Eyewitness testimony comes into play in many Georgia criminal investigations and trials. Many believe it is a reliable source of evidence that is capable of helping solve crimes and bring perpetrators to justice. However, a growing body of research suggests that eyewitness testimony is not as dependable as many people believe.
Several issues contribute to the unreliability of eyewitness testimony.
Human memory is far from infallible. Stress, anxiety and even the passage of time all have the potential to impact the accuracy of a witness’s recollection of events. When witnesses are also facing the intense emotions of a crime scene or questions from law enforcement that come long after the event took place, their memories may become even less accurate. This may cause some witnesses to fabricate details or omit key information.
Eyewitnesses may participate in suggestive interviews during the investigative process. Law enforcement officers may unintentionally bias witnesses by phrasing questions in a way that implies certain answers. Witnesses, eager to cooperate, may then provide information they believe investigators want to hear, rather than what they actually recall.

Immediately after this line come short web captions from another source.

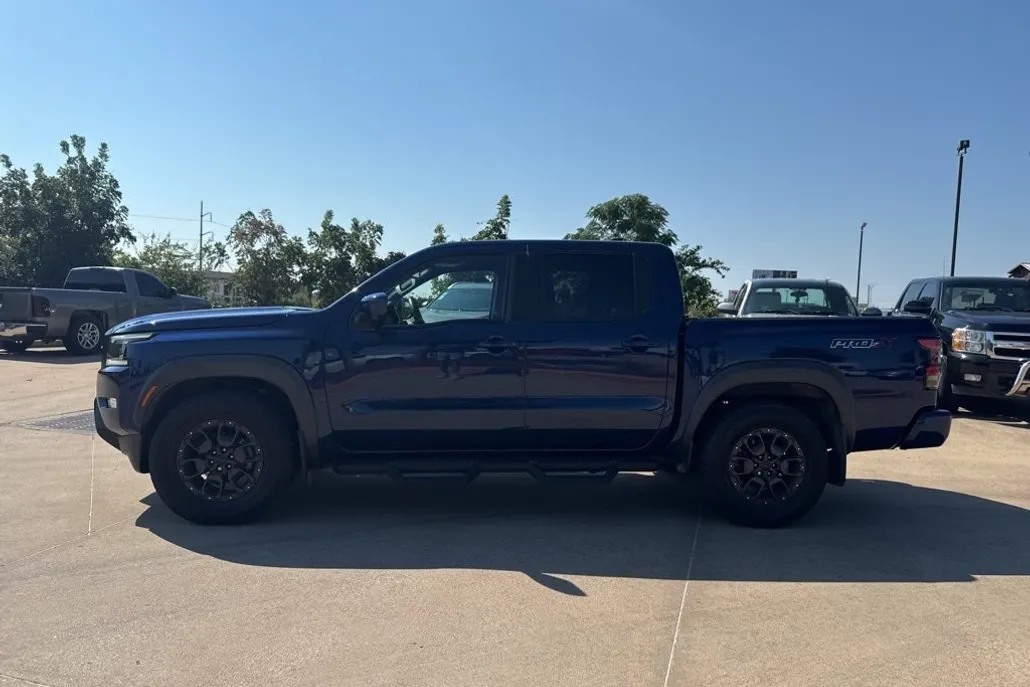 2022 Nissan Frontier PRO-X photo 1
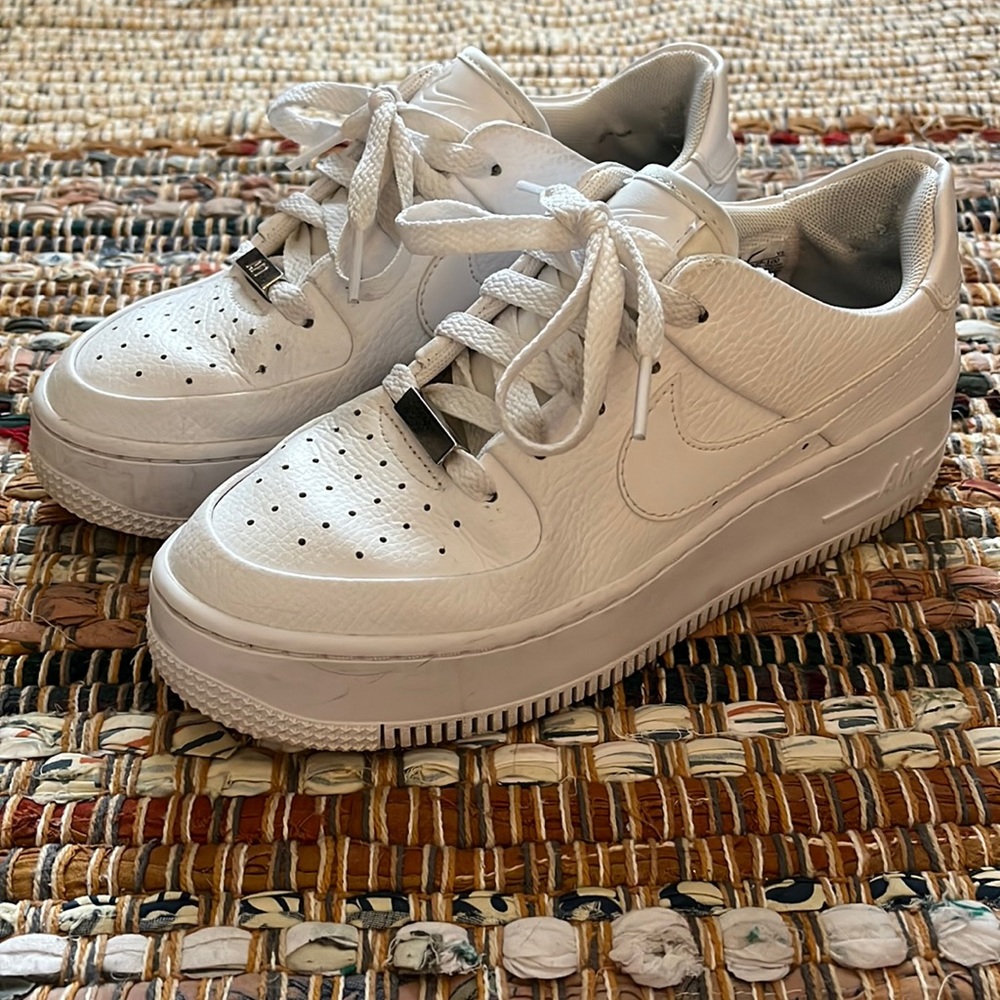 Nike Air Force 1 Sage Low
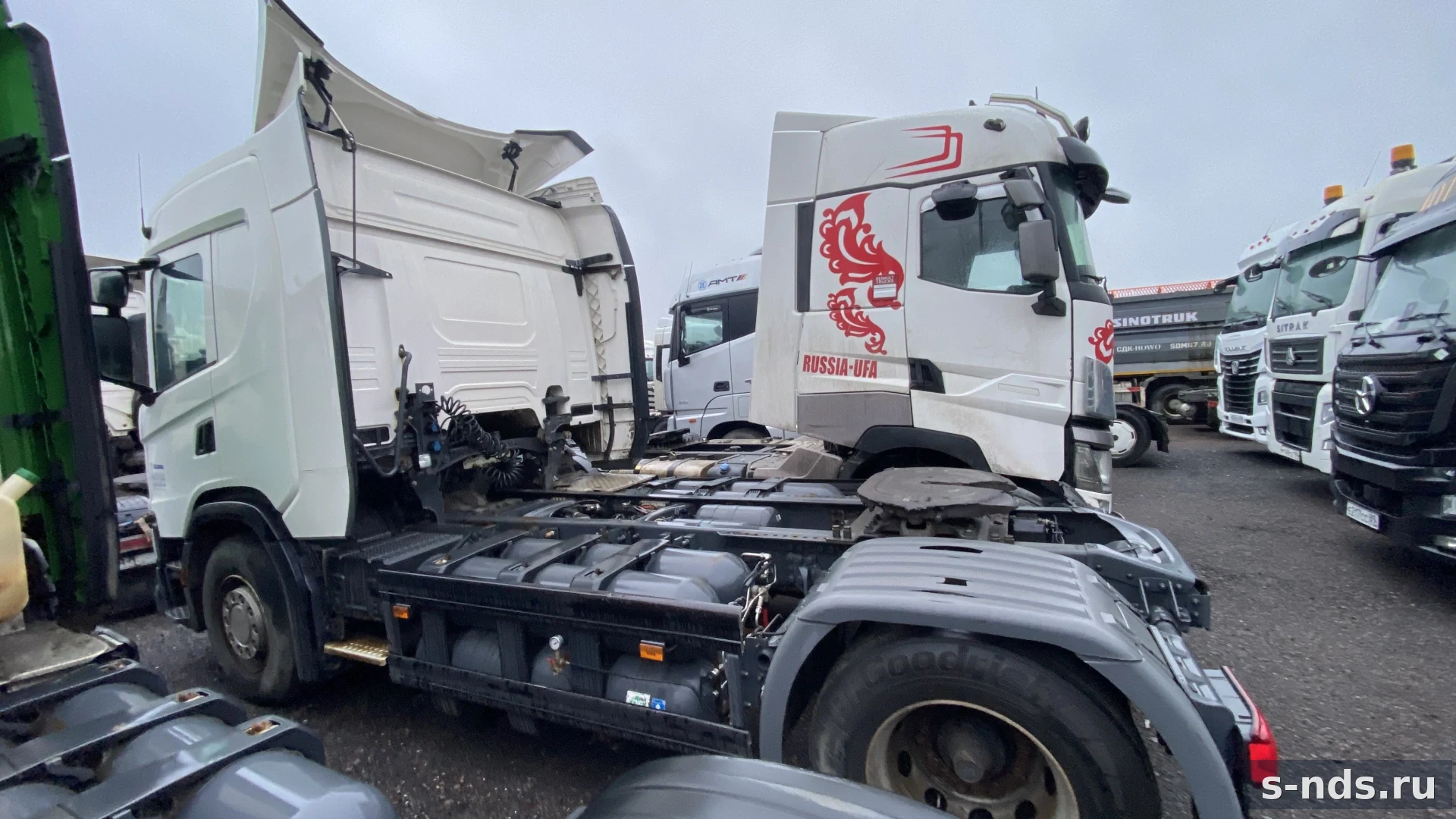 SCANIA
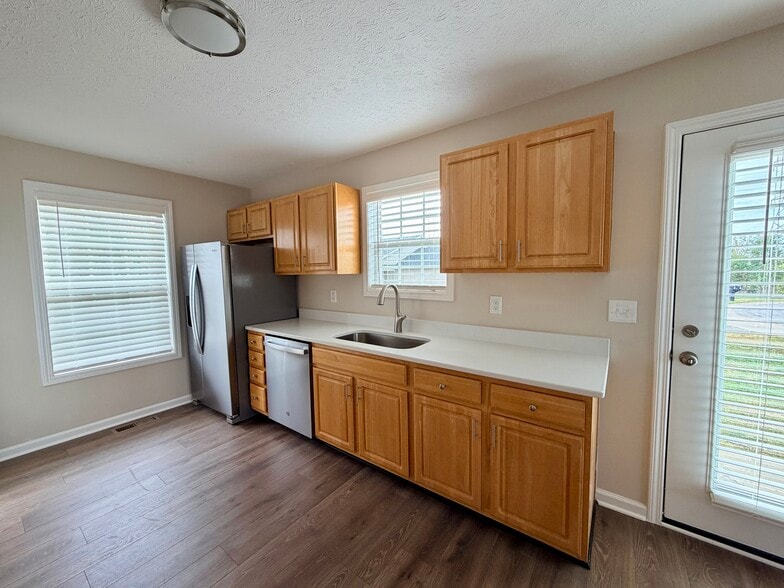 Building Photo - 319 Sandy Ct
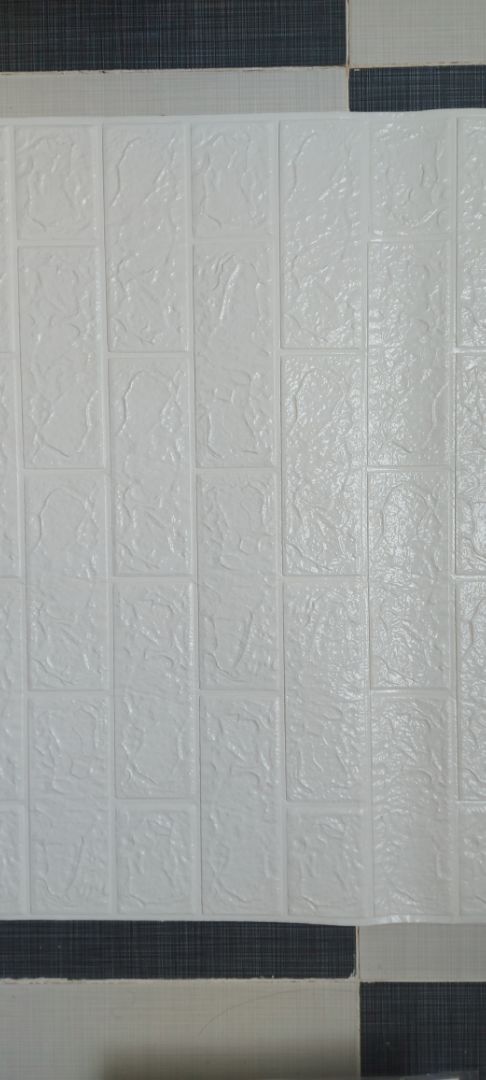 Thông tin sản phẩm là màu trắng nhưng sp nhận được màu trắng đục, dạng trắng sữa đậu nành. Không hài lòng lắm.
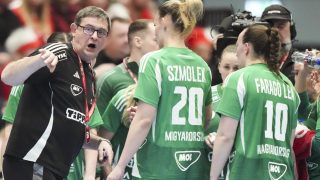 Golovin Vlagyimir szövetségi kapitány, illetve Faragó Lea (j) és Szmolek Apollónia (k) a női kézilabda Eurokupa csoportkörében, a B csoport negyedik fordulójában játszott Dánia-Magyarország mérkőzésen Svendborgban 2026. március 8-án.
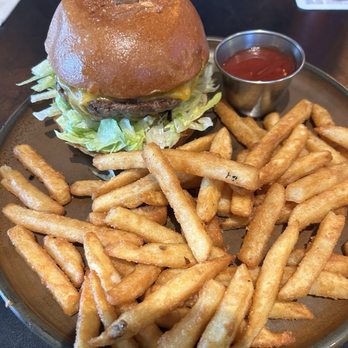Morrison - Burbank - Gastropubs Near Me - Burbank, California Morrison - Burbank - Gastropubs Near Me - Burbank, California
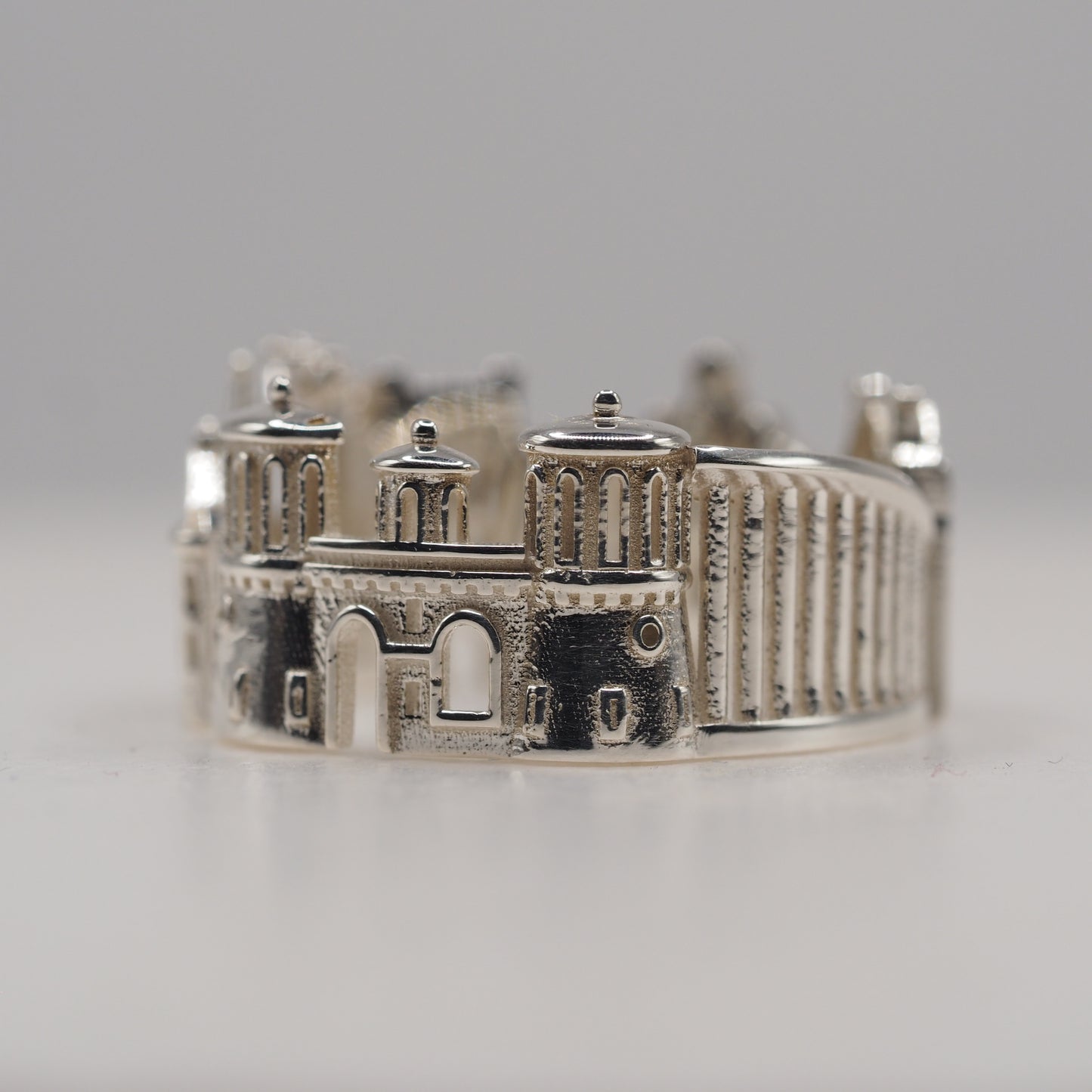 Luxembourg Ring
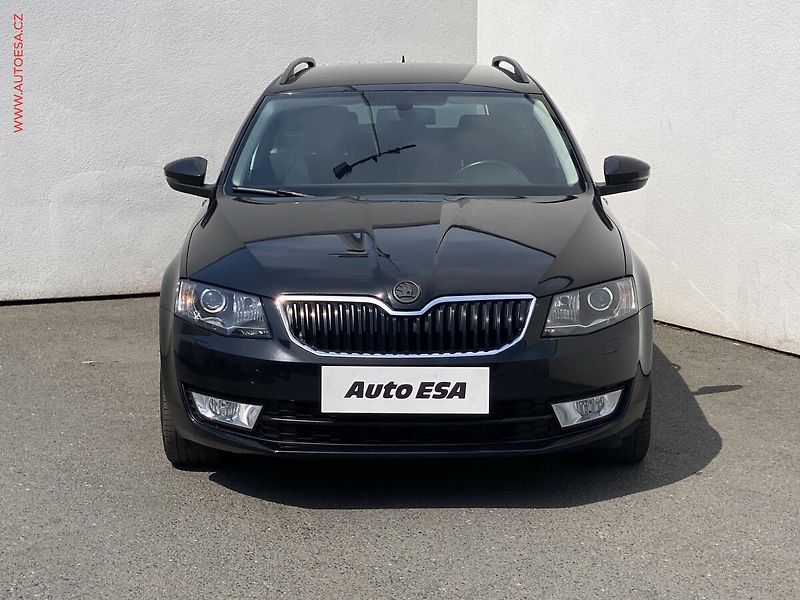Škoda Octavia (2015) 2.0 TDi, Edition, bixen,navi - fotka 2 z 17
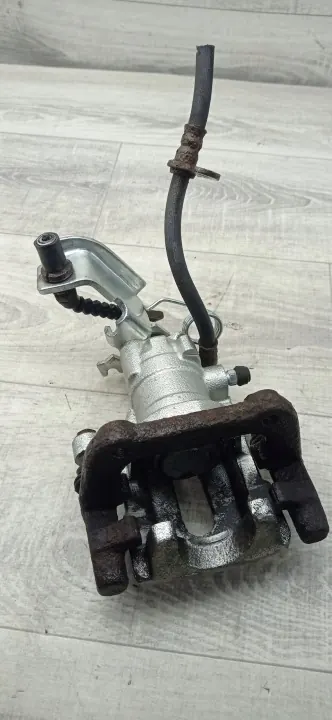 Pinça traseira esquerda HONDA ACCORD 7 VII 02-08 OEM image 4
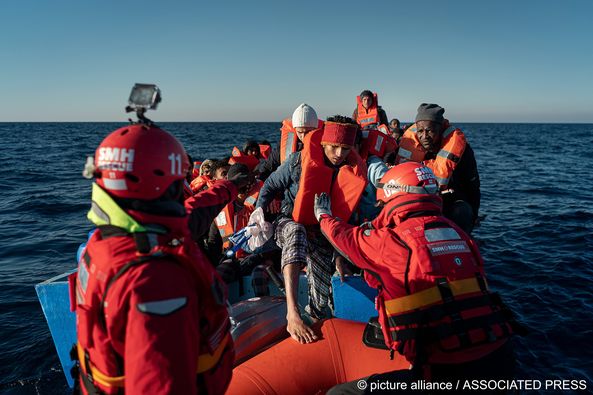 خفر السواحل الليبية اعترضت واحتجزت 82 ألف مهاجر في البحر والعفو الدولية تحتج على الاتحاد الأوروبي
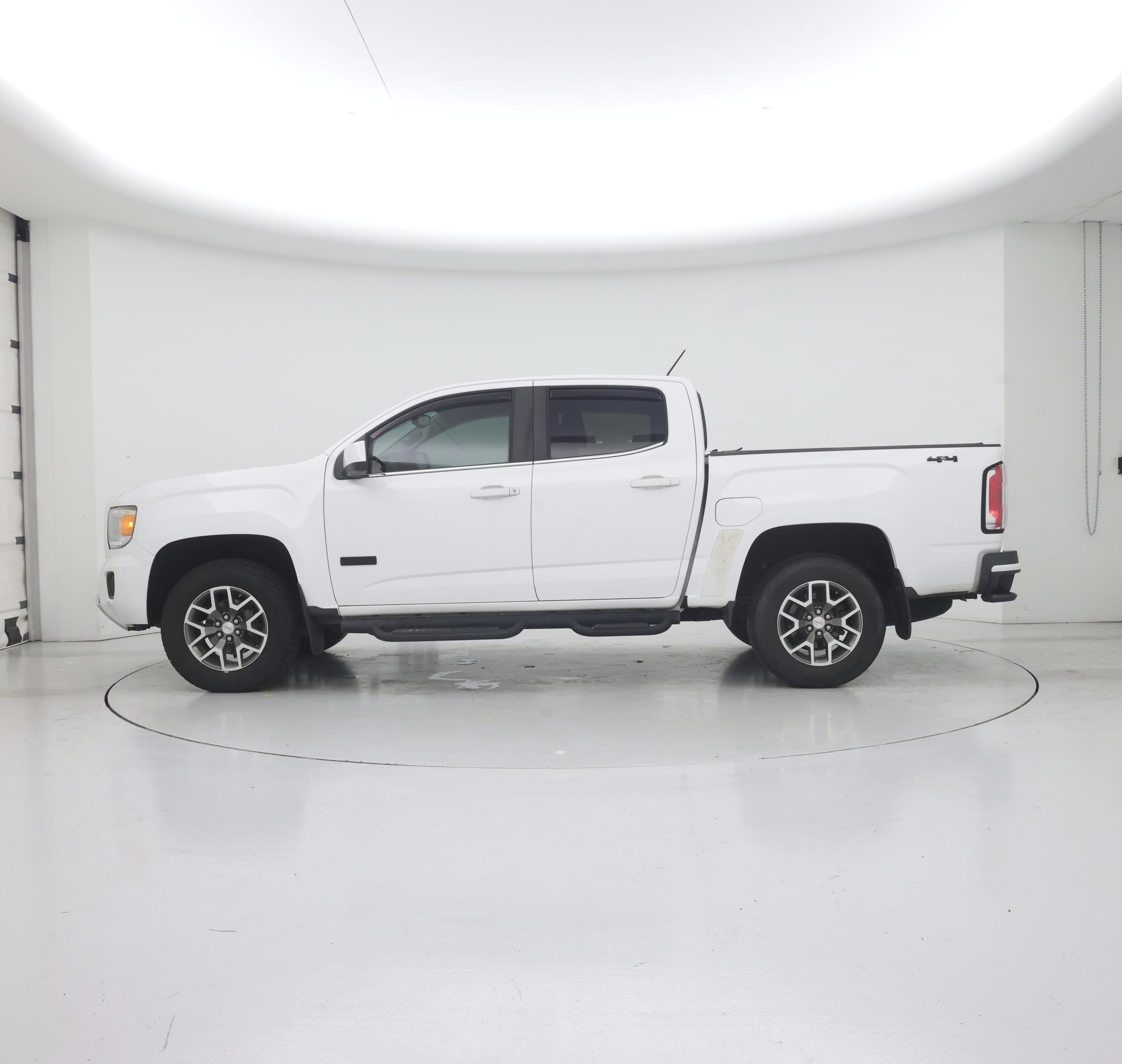 Thumbnail: 2017 GMC Canyon - 3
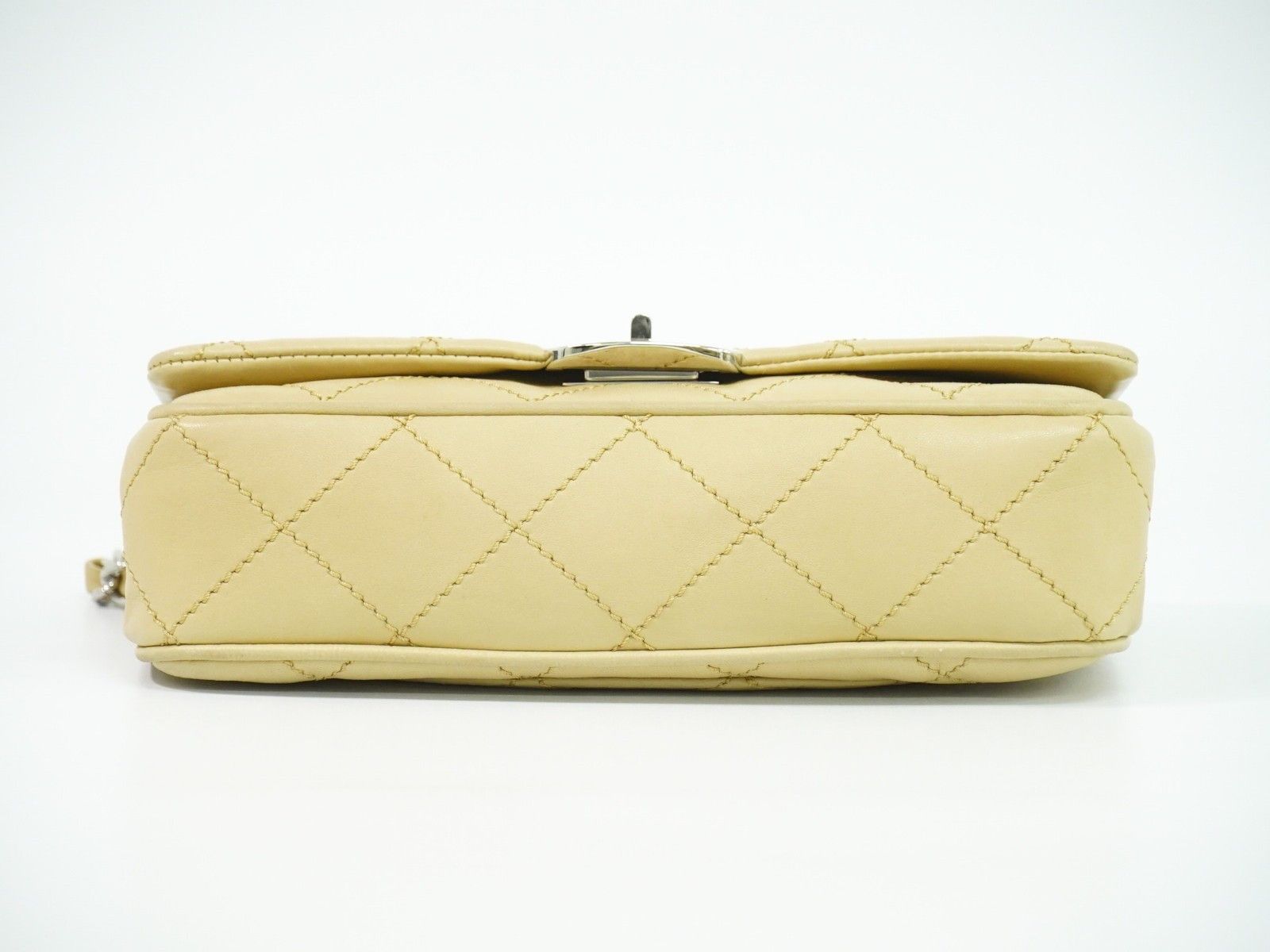 Chanel Chanel Reissue 2.55 Flap Bag Quilted Lambskin Size ONE SIZE - 3 Thumbnail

Research shows that people tend to have more difficulty identifying individuals of a different race than their own. This phenomenon, known as the “cross-racial effect,” may contribute to misidentifications, as witnesses may struggle to distinguish between individuals who belong to a racial or ethnic group other than their own.
In a study of almost 350 convictions overturned in America, eyewitness misidentifications contributed to 70% of them.